LA RECONNAISSANCE DE LA NATION
Le 14 /6/1961, Mme Marie-Louise KEYSER, devenue épouse MILAN, fit une demande d’attribution de carte d’interné-résistant et fut interrogée sur la réalité de l’exécution et les circonstances de la condamnation à mort de son époux. Elle confirma qu’ Albert Keyser, né le 4/2/1902 à Saulnes (54), fut bien engagé dans la résistance de 1942 à 1944. Cette façon de procéder était légalement nécessaire. Cette demande ne put aboutir que le 10 février 1964. Le titre d’INTERNE-RESISTANT fut remis à Mme Milan. Il porte le N° 1219-21646.

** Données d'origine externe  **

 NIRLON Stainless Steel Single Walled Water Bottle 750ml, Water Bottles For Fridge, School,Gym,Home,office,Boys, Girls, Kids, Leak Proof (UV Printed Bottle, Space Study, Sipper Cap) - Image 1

Cette attribution est fort tardive car il y eut plusieurs vagues d’attribution, certaines familles n’ayant pas formulé leur demande à temps ou s’en étant désintéressé. Albert Keyser a été déclaré « Mort pour la France ». cote AC 21 P 65267
L’HOMMAGE DE LA COMMUNE DE CRENEY
En 2014, pour le 70e anniversaire du massacre des 22 février et 22 août, la mairie de Creney a rendu un hommage exceptionnel aux 53 victimes de la barbarie nazie. La commune a réalisé un beau travail pour honorer ces 53 héros. Le pas de tir où ils furent massacrés est maintenant planté de 53 arbres. Au pied de chacun est installé un panneau avec une photo et quelques mots relatant la vie de chaque maquisard.
Le monument de Buchères est situé au bout de l’allée des Martyrs. A partir de là, on se rend sur le lieu de l’exécution par un long chemin d’environ 3 kms.

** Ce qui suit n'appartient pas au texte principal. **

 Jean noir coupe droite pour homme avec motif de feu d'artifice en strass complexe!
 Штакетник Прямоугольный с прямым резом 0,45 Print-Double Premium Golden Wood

Note concernant son épouse
Son épouse qui était née Marie-Louise SARDIN, s’est remariée après guerre avec M. Victor Milan dit « Totor », très estimé, ancien Conseiller Municipal du Front Populaire sous la municipalité Moguet, élue en 1936. C’est Moguet qui créa le stade de football, aujourd’hui appelé « Stade de Buchères ». Il administra un jour une raclée à un pétainiste qui voulait se mêler de ses affaires. La famille Milan, qui était également militante de gauche à Buchères, fut durement touchée par le massacre perpétré par les SS du colonel Jöckel. Ce sont Jeannine, Ginette et Paulette Milan, trois sœurs âgées de 14 à 16 ans et leur mère, née Émilie BLANC, 40 ans qui furent massacrées dans cette commune martyr. Marie-Louise tint le café jusque dans les années 50, le revendit avec le garage à la famille Molard et vécut chez Victor Milan jusqu’à son décès en 2006.
Jean LEFEVRE
SOURCES :
DAVC (Caen) notes de Thomas Pouty. In CDrom La Résistance dans l’Aube, AERI-CRDP Champagne-Ardenne. Sébastien Touffu, « Le groupe FTP Gabriel Péri », Le Maitron : Jean-Paul Nicolas. Jean-Pierre et Jocelyne Husson. Souvenirs de Jacques Philippon (Buchères). Jean Lefèvre (Archives de l’Aube, Caen et Le Blanc).
NOTES :
1 – Cette commune martyr connut l’horreur de la répression allemande le 24 août 1944. Les SS du colonel Jöckel abattirent sauvagement 67 habitants, hommes, femmes, enfants dont des bébés et des vieillards.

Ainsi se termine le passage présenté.